Jun 20 01:00:16 ip-10-234-59-141 etcd[568]: [etcd] Jun 20 01:00:16.471 INFO      | peer server [name 3195460fb2fe42bd92439e261c84b859, listen on :7001, advertised url http://10.234.59.141:7001]
Jun 20 01:00:16 ip-10-234-59-141 etcd[568]: [etcd] Jun 20 01:00:16.471 INFO      | 3195460fb2fe42bd92439e261c84b859 starting in peer mode
Jun 20 01:00:16 ip-10-234-59-141 etcd[568]: [etcd] Jun 20 01:00:16.471 INFO      | 3195460fb2fe42bd92439e261c84b859: state changed from 'initialized' to 'follower'.
Jun 20 01:00:18 ip-10-234-59-141 etcd[568]: [etcd] Jun 20 01:00:18.029 INFO      | 3195460fb2fe42bd92439e261c84b859: state changed from 'follower' to 'candidate'.
Jun 20 01:00:19 ip-10-234-59-141 etcd[568]: [etcd] Jun 20 01:00:19.472 INFO      | 3195460fb2fe42bd92439e261c84b859: snapshot of 179979 events at index 179979 completed

But the other 2 (call them B and C) continually fail with Raft Internal Error () when attempting to join the cluster composed of A:

Jun 20 01:27:36 ip-10-41-9-209 etcd[1912]: [etcd] Jun 20 01:27:36.097 INFO      | 39e1d196a13d42dd8cccfb8d3cc3040f attempted to join via 10.234.59.141:7001 failed: fail on join request: Raft Internal Error ()

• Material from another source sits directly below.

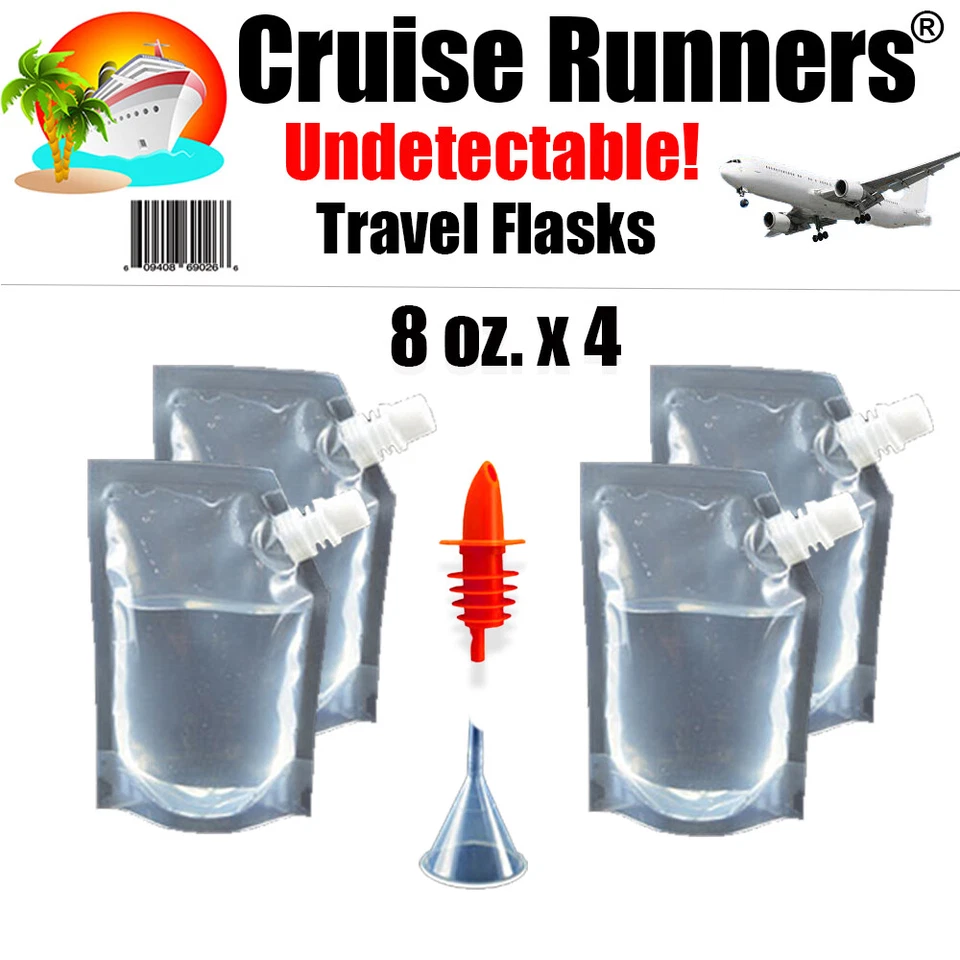 Cruise Plastic Travel Flask Kit Runners Rum Alcohol Liquor Smuggle Hidden Booze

@philips walked me through a recovery process that was unsuccessful and asked me to post this issue here. The recovery process consisted of:

  1. Finding previous machine IDs by running curl 127.0.0.1:4001/v2/keys/_etcd/machines on A
  2. On B and C, wiping the /var/lib/etcd dirs and changing their etcd -name= to machine IDs that existed in the machines JSON obtained in (1), by editing the file /var/run/systemd/system/etcd.service.d/20-cloudinit.conf
  3. Restarting B and C

After performing these steps and verifying the other 2 nodes' logs have the changed names, 1 of them fails with the same 'Raft Internal Error ()' and the other fails with is not allowed to join the cluster with existing URL http://10.41.9.209:7001 [its IP]'. Node A did not emit any more log lines during this whole process.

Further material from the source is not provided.